Teenagers

The home has always been a quiet and peaceful place. Suddenly it has been invaded by some roman gladiators who are constantly declaring war on each other and on mommy and daddy!

The questions and the sighs are deafening; what has happened to the nice and quiet child who used to lap up every thing mommy and said as gospel and applaud everything they did as potentate. Not so any more. They question everything that is done and said. And when they do not get their way they slam their bedroom door behind them in a fit of temper as if daring any one to follow.

The challenges with teenagers is that that are in a state of confusion as they change from childhood to adulthood. A process that catapillers carry out with consummate ease. It might be easy for catapillers but not so easy for our young children.

This process should not be entirely surprising for us parents seeing it is something that we ourselves faced. Nevertheless the process never fails to surprise us. It is something that can be dealt with successfully if we are mentally prepared. The teenage years could be likened to an earthquake. Only a solid foundation could withstand such tremors.

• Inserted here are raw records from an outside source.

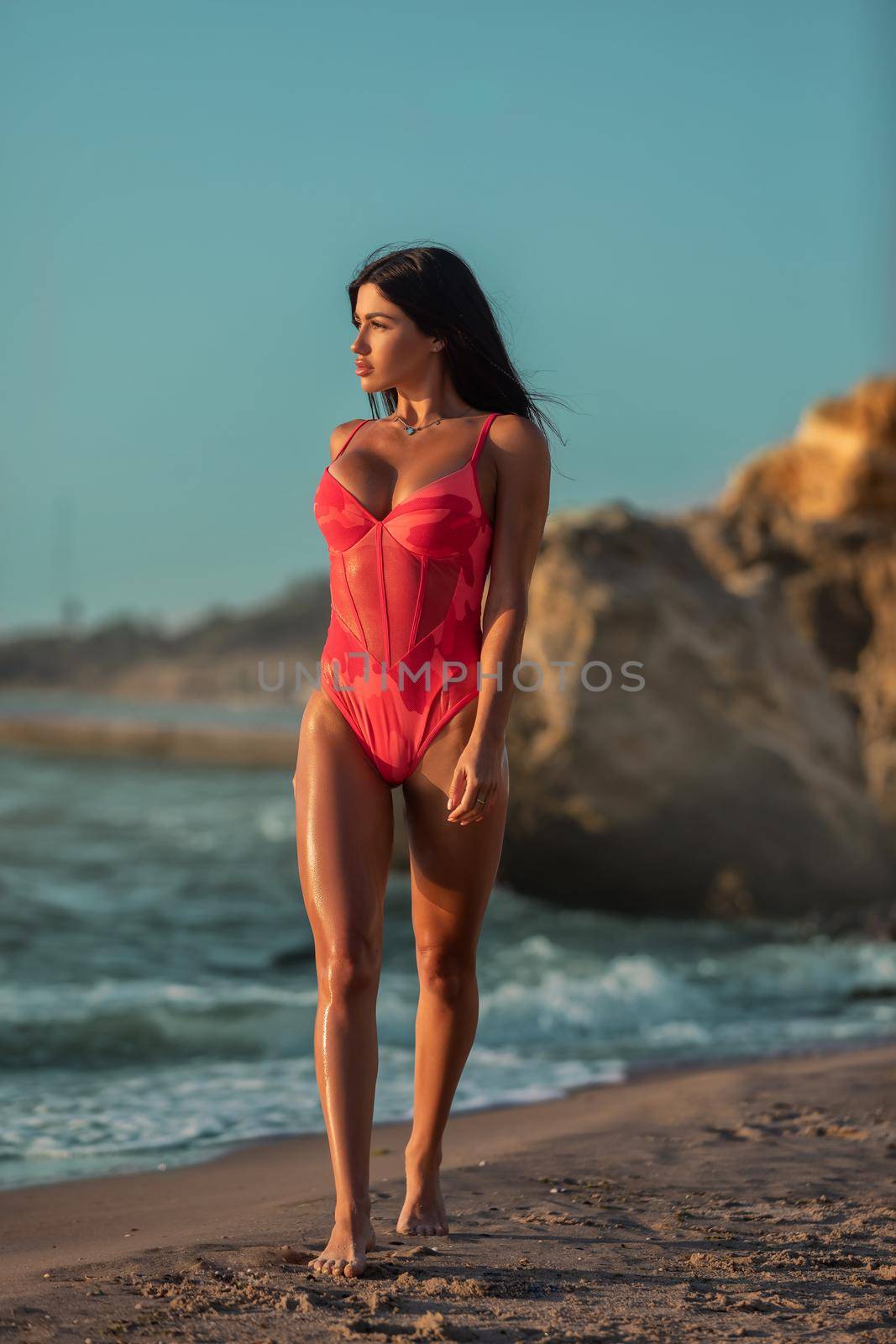 Tanned girl with perfect figure and silicone breasts walks along the seashore. by but_photo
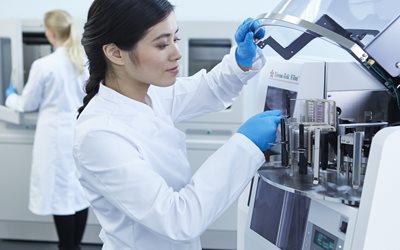A scientist wearing a lab coat and blue gloves operates a laboratory machine, while another person works in the background.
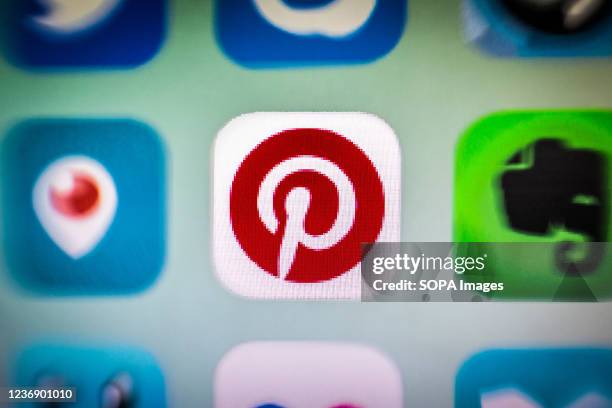 In this photo illustration, a Pinterest app icon is displayed among other apps on a smartphone screen.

That foundation must be put in place from infancy. For that foundation to be really solid a strong bond between parents and children must be built. That bond must be built on love and communication. Great pains must be taken to insert in the child’s heart proper moral values. It is quite unfortunate that live in an age where children are taught that if it feels good do it.

If you plan to live by yourself the rest of your life by yourself that’s fine but if you plan to live with someone else rules need to be put in place for one to have a successful relationship. It is not possible to have a successful relationship with anyone without rules. For adults to live comfortably with rules they need to learn that from infancy. They need to learn very early that if they will live on a hill by themselves rules are not necessary but if they intend to live as part of a group of two persons or more rules are needed. That appreciation for rule have to be developed early in life.

The first thing that children launch an attack on when they become teenagers is the regime of rules that confront them. They were so quiet and condescending accepting everything. Daddy used to be the superhero that nobody could beat and mommy was the reality star no lady could match. Not anymore. Daddy is now Humpty Dumpty who has fallen off the wall and mommy cannot now compete with all the little prince and princesses parading the neighborhood.

How can parents win in this battle for the minds of their children? As was noted before the foundation must be laid from childhood. An intense raport must be maintained between parents and children right up to puberty. There is no substitute for this. The mistake parents make is that they spend a lot of time working and providing material things for their children and neglecting other needs like their emotional needs and very important their spiritual needs. To be sure children will not be grateful. They will not forgive. you for your negligence. Attempting to polish up your blunder by calling it quality time will not do.